-- Opening Marker --

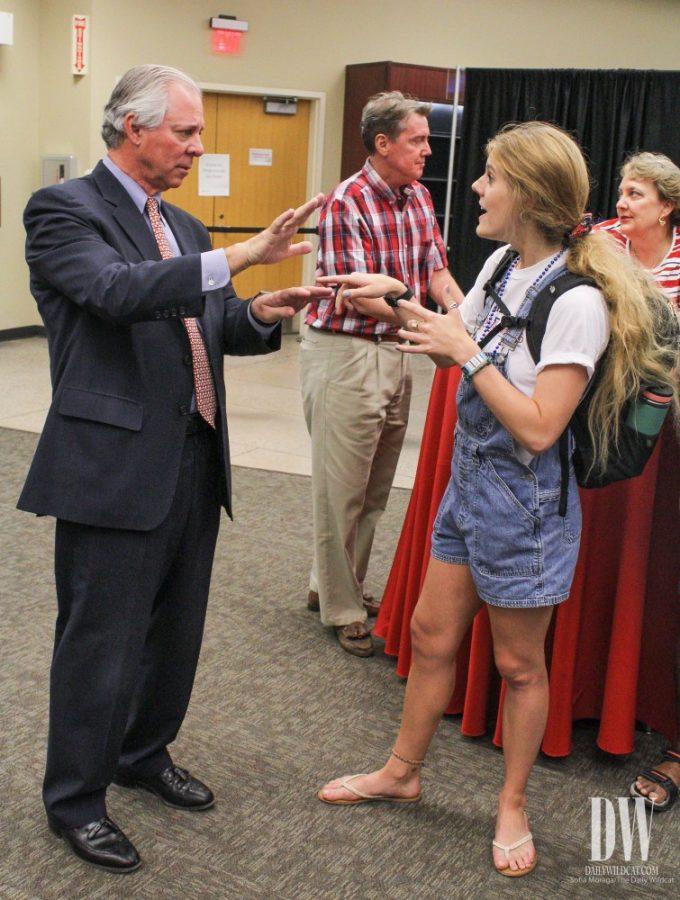 Grace Barker, a University of Arizona student double majoring in Law and Environmental Studies, talks with UA President Dr. Robert Robbins at his meet and greet during Family Weekend on Oct. 13.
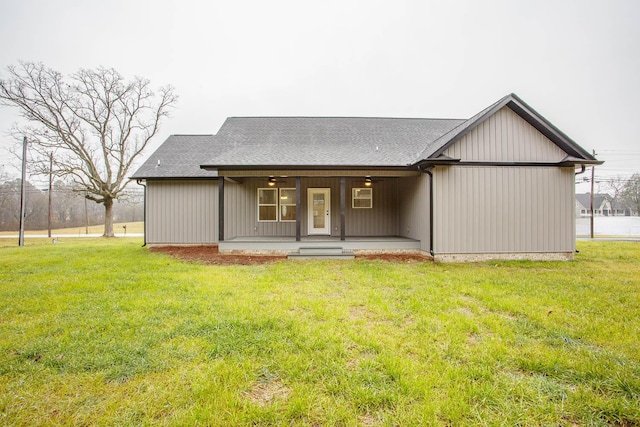 rear view of property featuring a porch and a lawn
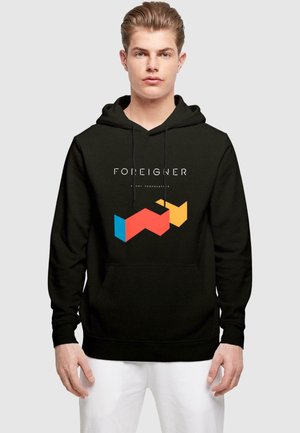 Black hooded sweatshirt featuring a front graphic with the word "FOREIGNER" above geometric shapes in blue, red, and yellow.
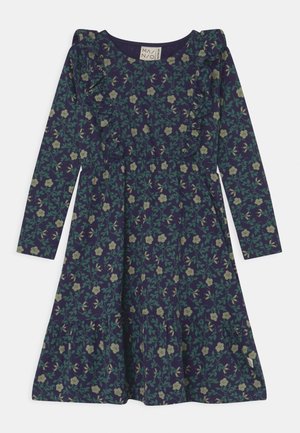 Mørkeblå langærmet kjole med grønt blomsterprint, flæser på bryst og skuldre samt en samlet, lagdelt nederdel.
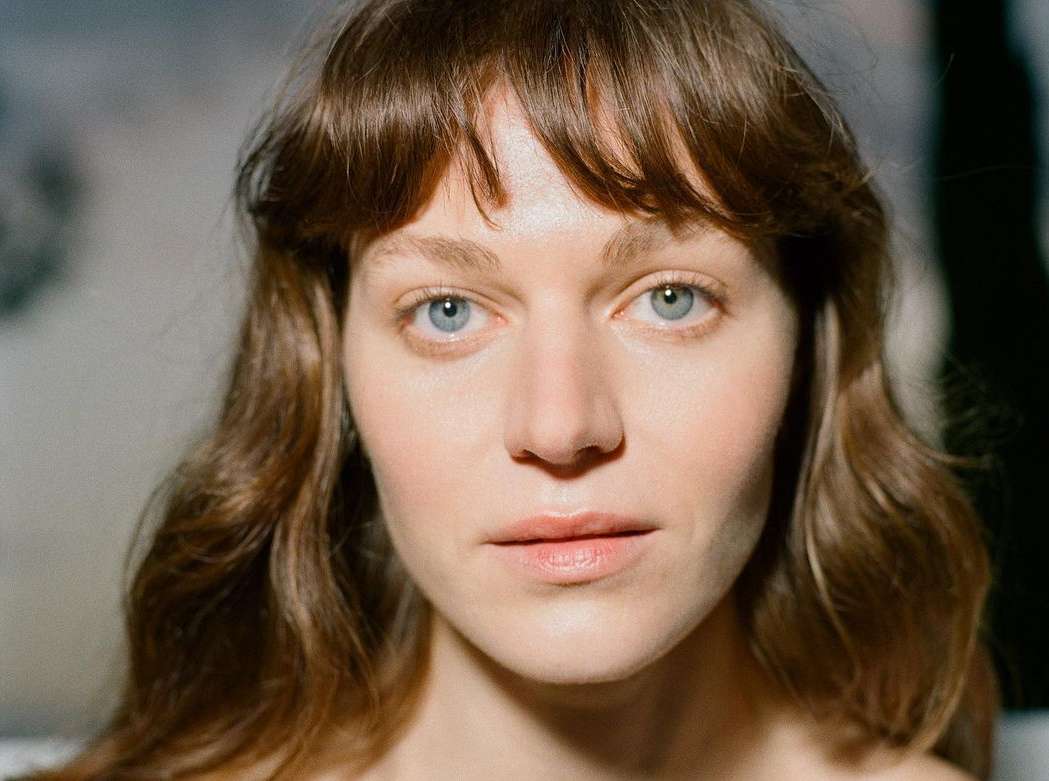 Close-up portrait of a woman with blue eyes, brown wavy hair with bangs, and neutral expression by Jessica Sidenros in Paris.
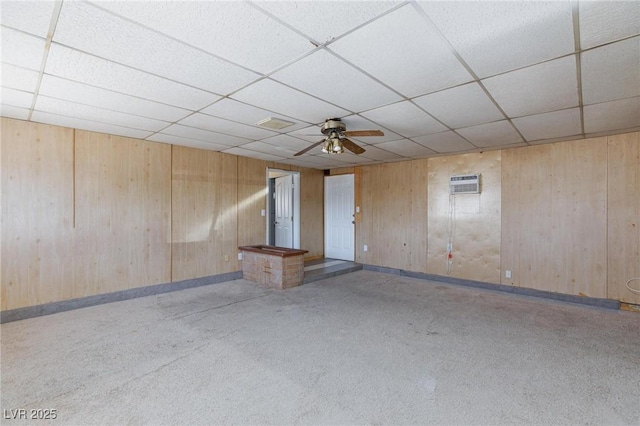 6317 Alta Dr, Las Vegas, NV 89107 - carpeted empty room featuring ceiling fan, a wall mounted air conditioner, a paneled ceiling, and wooden walls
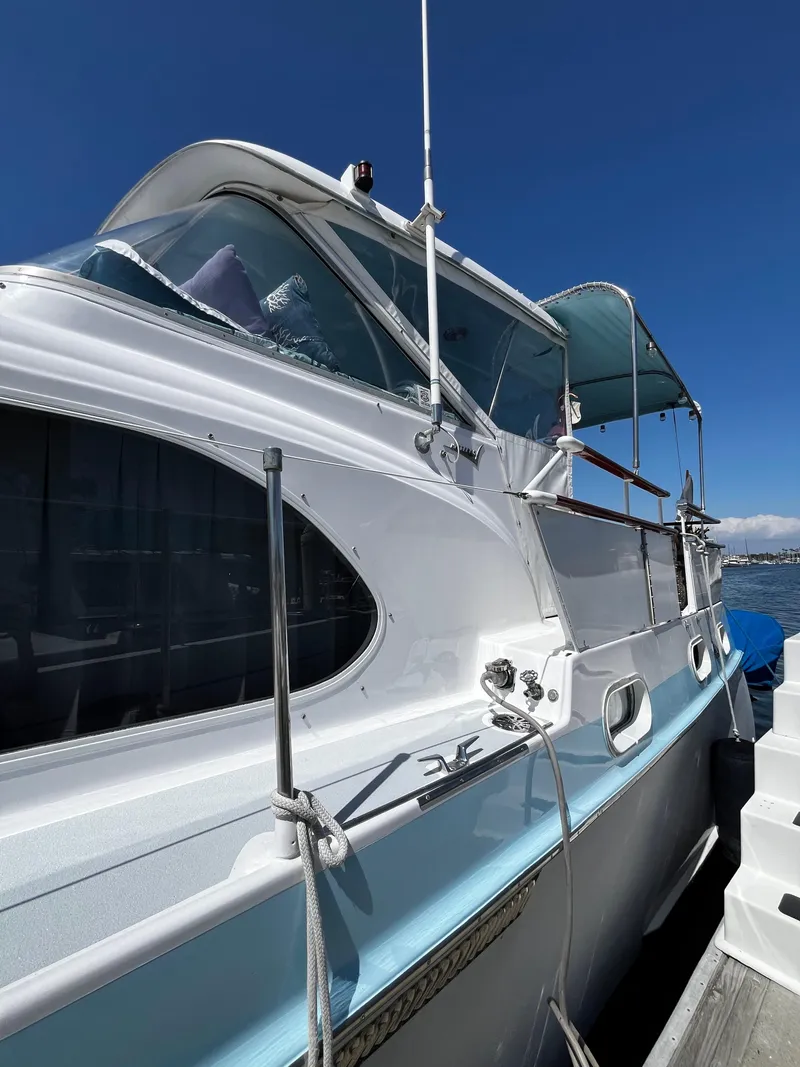 Slide: The Image of 1965 Hatteras 41 Twin Cabin yacht docked under clear blue sky. - 7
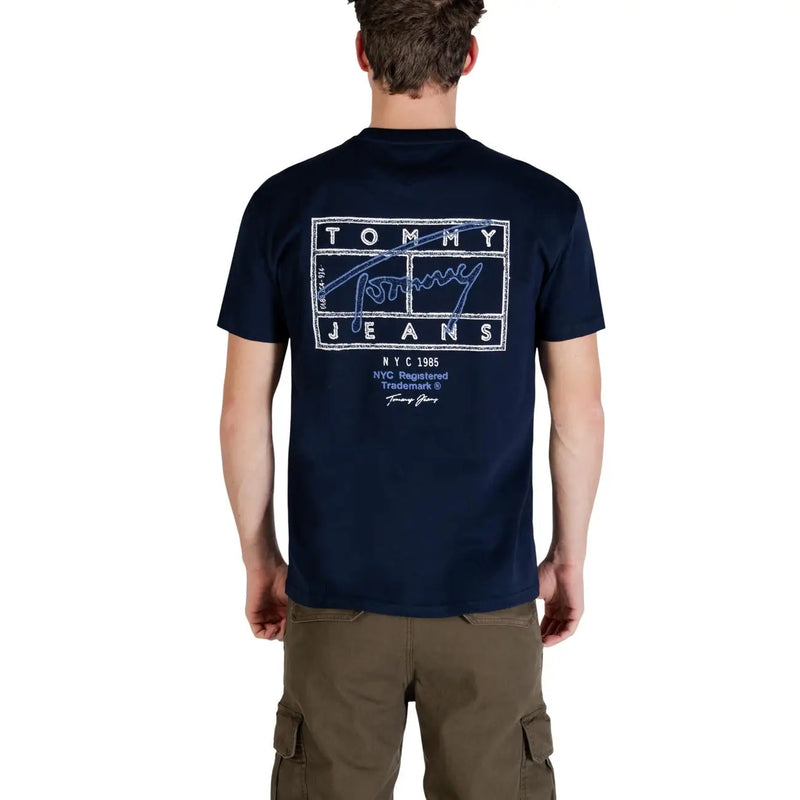 Back view of navy blue tommy hilfiger jeans men t shirt with white graphic print made of organic cotton in size s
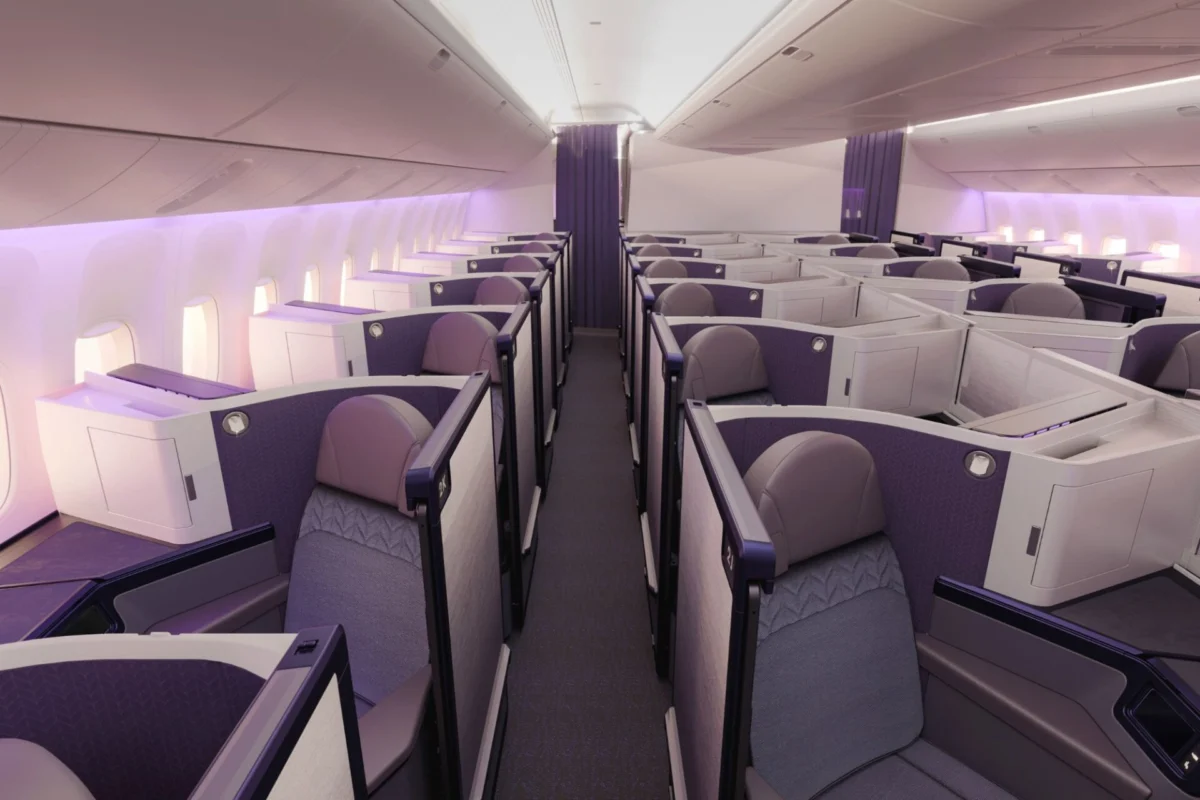 Air New Zealand shares first look at new 777 cabin design Premium airline cabin with individual lie flat pods in a 2 2 2 layout and purple accents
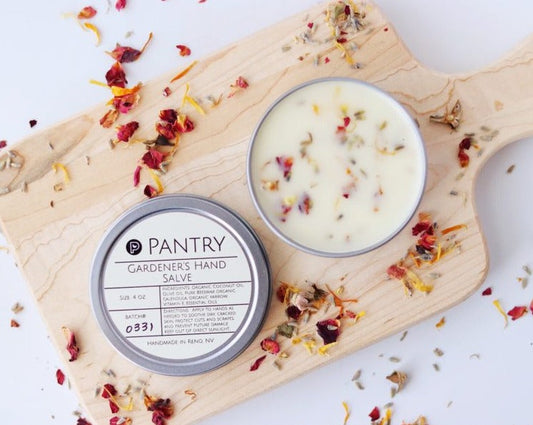 Round herbal hand salve balm tin with cream balm and lid, with scattered dried petals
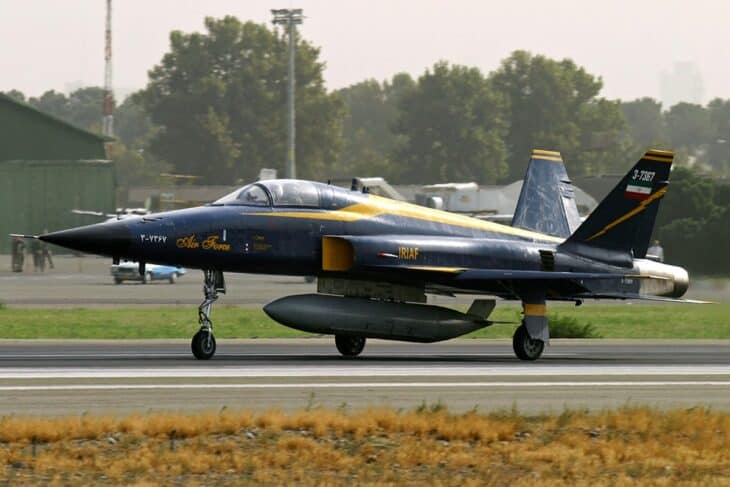An IRIAF HESA Saeqeh, an Iranian-built twin-tail derivative of the F-5, on the runway in dark blue and yellow markings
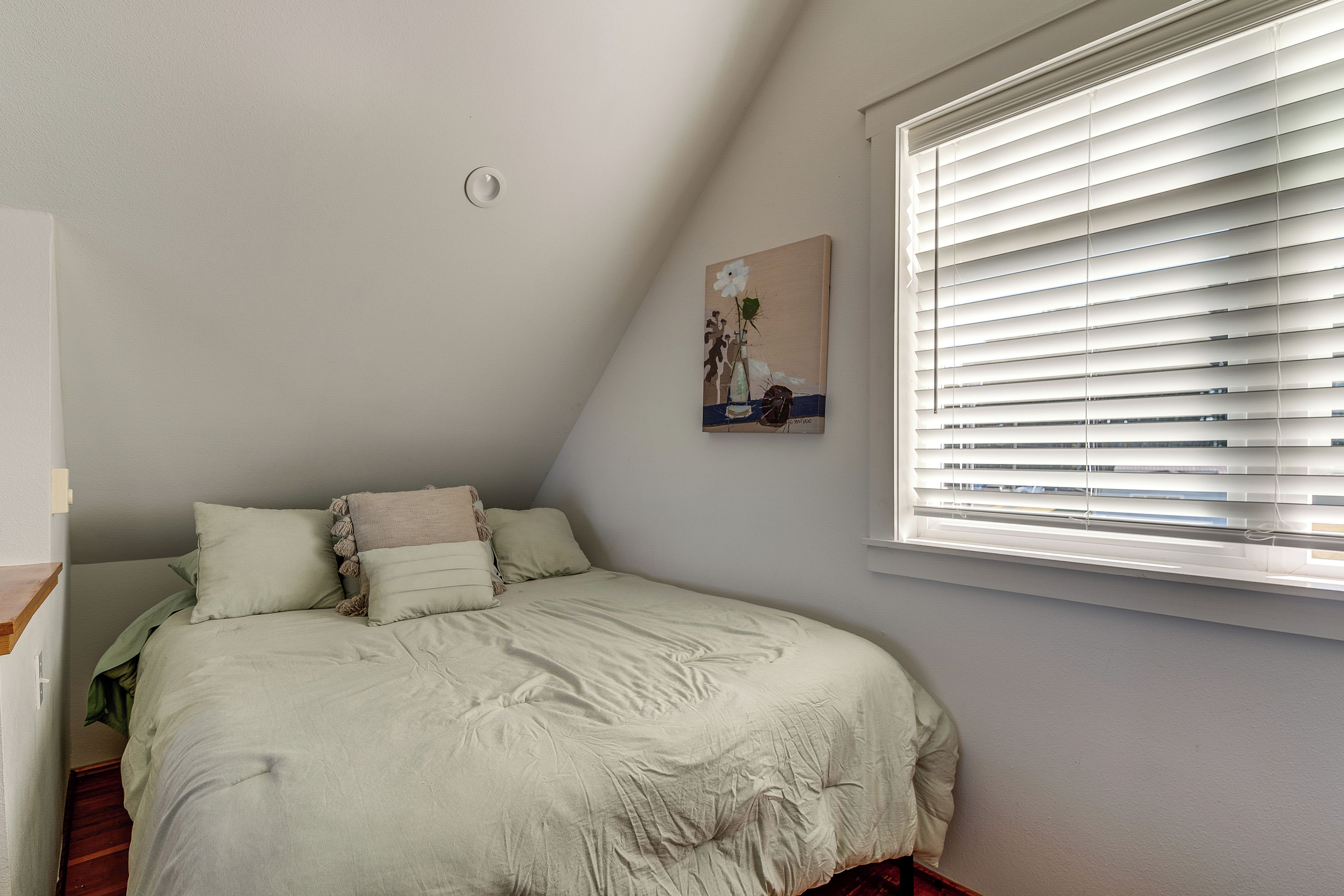 A bedroom with a bed, pillows, a painting, and a window with blinds.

-- Closing Marker --

THE TASK — Exactly as written, repeat the lines from the beginning of the entries up to and including the line with "Close-up portrait of", but not the pictures.

EXERCISE RESPONSE —
 Grace Barker, a University of Arizona student double majoring in Law and Environmental Studies, talks with UA President Dr. Robert Robbins at his meet and greet during Family Weekend on Oct. 13.
 rear view of property featuring a porch and a lawn
 Black hooded sweatshirt featuring a front graphic with the word "FOREIGNER" above geometric shapes in blue, red, and yellow.
 Mørkeblå langærmet kjole med grønt blomsterprint, flæser på bryst og skuldre samt en samlet, lagdelt nederdel.
 Close-up portrait of a woman with blue eyes, brown wavy hair with bangs, and neutral expression by Jessica Sidenros in Paris.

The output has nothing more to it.